Um desses motivos é que, normalmente, democracias apresentam mandatos curtos, o que, em conjunto com a falta de entendimento econômico da população, permite que os representantes governem com estímulos de curto prazo – aplicando políticas que, em um primeiro momento, parecem favoráveis para a população, como a distribuição de auxílios em dinheiro para algumas camadas da população. Assim, os governantes ganham apoio político e os efeitos inflacionários de suas ações só serão sentidos a longo prazo.

Outro motivo, discutido bastante pelo economista austríaco Friedrich Hayek, está relacionado ao fato de que aumentar a oferta de dinheiro na economia sustenta as contas do governo e o ajuda a pagar suas dívidas, já que ele possui mais dinheiro em mãos (por meio dos impostos, por exemplo). Por isso, muitas vezes, os governos optam por se beneficiar a curto prazo e ignorar os efeitos da inflação futura.

Assim como a discussão acerca das causas desse cenário problemático é negligenciado, o próprio conceito de inflação é ensinado de forma equivocada para atender a interesses políticos. As mídias e as instituições de ensino de maneira geral, frequentemente, definem a inflação como o aumento contínuo e generalizado dos preços (o que, na verdade, é só uma consequência da inflação). Ao excluir o debate sobre as políticas que causam um cenário de inflação, essa definição pode gerar nas pessoas a sensação de que os responsáveis pela inflação são os comerciantes – que, por vontade espontânea, aumentam os preços dos produtos.

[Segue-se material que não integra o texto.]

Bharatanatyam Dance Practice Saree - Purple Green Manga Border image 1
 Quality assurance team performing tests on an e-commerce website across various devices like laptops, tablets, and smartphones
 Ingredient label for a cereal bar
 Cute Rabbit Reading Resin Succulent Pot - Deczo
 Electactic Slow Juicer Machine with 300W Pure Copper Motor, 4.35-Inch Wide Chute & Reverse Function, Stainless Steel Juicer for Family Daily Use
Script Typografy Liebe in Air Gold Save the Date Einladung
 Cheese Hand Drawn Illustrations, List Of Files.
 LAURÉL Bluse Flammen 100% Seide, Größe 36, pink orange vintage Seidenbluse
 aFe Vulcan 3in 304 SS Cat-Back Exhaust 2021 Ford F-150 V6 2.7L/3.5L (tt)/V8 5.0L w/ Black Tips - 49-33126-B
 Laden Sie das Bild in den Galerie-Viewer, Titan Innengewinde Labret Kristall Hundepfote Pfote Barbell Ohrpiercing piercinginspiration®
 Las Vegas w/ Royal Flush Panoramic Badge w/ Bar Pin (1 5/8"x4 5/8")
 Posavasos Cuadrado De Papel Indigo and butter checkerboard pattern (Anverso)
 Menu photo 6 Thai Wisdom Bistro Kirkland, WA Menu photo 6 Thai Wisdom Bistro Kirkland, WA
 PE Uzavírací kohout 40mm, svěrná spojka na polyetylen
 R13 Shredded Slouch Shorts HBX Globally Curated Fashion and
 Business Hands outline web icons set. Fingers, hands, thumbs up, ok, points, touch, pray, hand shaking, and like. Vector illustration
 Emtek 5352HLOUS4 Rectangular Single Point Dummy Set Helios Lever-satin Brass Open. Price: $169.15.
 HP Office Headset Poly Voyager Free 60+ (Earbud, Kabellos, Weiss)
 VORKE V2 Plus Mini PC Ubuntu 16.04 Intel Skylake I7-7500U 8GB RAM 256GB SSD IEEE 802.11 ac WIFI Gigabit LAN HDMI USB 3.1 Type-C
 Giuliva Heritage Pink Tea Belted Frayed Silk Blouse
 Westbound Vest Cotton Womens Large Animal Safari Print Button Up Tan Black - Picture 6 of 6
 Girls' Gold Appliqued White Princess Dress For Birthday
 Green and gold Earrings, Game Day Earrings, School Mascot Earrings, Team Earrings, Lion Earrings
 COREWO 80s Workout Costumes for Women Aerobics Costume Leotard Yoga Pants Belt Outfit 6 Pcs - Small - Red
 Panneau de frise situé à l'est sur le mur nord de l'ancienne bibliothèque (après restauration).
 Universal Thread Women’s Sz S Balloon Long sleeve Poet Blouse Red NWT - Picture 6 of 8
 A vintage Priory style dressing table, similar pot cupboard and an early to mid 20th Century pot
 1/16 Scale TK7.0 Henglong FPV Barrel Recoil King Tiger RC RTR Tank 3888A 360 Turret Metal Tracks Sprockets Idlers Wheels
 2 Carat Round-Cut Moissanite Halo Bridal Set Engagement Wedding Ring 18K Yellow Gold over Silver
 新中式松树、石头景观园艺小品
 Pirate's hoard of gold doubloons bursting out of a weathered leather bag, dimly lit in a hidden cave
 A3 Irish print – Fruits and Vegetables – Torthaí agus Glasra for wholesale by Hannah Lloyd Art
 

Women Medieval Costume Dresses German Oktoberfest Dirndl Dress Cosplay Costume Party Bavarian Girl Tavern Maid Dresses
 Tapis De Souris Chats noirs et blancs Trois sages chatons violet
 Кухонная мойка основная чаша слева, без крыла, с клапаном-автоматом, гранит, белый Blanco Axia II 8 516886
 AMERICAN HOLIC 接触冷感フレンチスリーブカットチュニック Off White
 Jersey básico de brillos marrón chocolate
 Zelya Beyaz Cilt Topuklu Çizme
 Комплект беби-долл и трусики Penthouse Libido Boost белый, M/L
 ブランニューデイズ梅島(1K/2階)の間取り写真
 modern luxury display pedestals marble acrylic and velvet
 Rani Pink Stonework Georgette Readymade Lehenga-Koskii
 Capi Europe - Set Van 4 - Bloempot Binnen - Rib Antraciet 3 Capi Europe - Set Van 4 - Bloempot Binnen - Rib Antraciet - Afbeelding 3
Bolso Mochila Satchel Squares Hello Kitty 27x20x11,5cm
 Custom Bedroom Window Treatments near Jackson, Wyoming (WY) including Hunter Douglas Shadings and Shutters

Esse pensamento abre margem para ações destrutivas por parte do governo, como o controle de preços do mercado. Realizada, por exemplo, em 1986, no governo de José Sarney, essa política culminou na paralisação da produção de diversos produtos, pois a diminuição artificial do preço final impossibilitava o processo produtivo. Naquela época, grande parte da população continuou culpando o mercado e não reconheceu as verdadeiras causas da inflação, o que acontece até os dias atuais.

Deflação

Os conceitos que cercam o fenômeno da deflação também são alvos de inúmeros equívocos. Antes de desmistificá-los, é importante ressaltarmos que a deflação representa um cenário oposto ao inflacionário, ou seja, de diminuição da oferta de moeda comparada à demanda, o que ocasiona o aumento continuado do poder de compra da moeda – e diminuição generalizada dos preços do mercado. Logo, pressupõe-se, logicamente, que a deflação é positiva.

Por mais que esse raciocínio possa parecer óbvio, é comum escutarmos a todo momento que a declinação dos preços, assim como a alta inflação, também não é um fenômeno desejável. Os argumentos utilizados para defender tal ponto de vista são vários, como a defesa de que os comerciantes teriam prejuízo ao ganharem menos pelo que produzem, o que é uma grande falácia, pois o que importa para os produtores é a lucratividade (lucro = receita – custo), ou seja, se todos os custos também diminuírem, a receita continuará maior e o negócio, benéfico.

Outro argumento apresentado é o de que a massa monetária precisa ser crescente para a economia se desenvolver, o que só faria sentido se ainda usássemos ouro e metais como moeda. Além disso, segundo esse pensamento, as pessoas não saberiam lidar psicologicamente com os preços do mercado e de seu trabalho diminuindo, o que é um grande absurdo, já que, com as correções monetárias, todos se adaptaram até mesmo a cenários hiperinflacionários (perda de poder de compra da moeda).

Por fim, que saibamos reconhecer as más intenções por trás de todas essas falácias. O crescimento econômico significa a abundância de riqueza, de bens e de serviços para a população, além de um cenário de alta produtividade. Essas informações são fatos.

ssim, fica perceptível a fragilidade da verdade diante de uma ortodoxia institucionalizada e definida pelos poderes governamentais.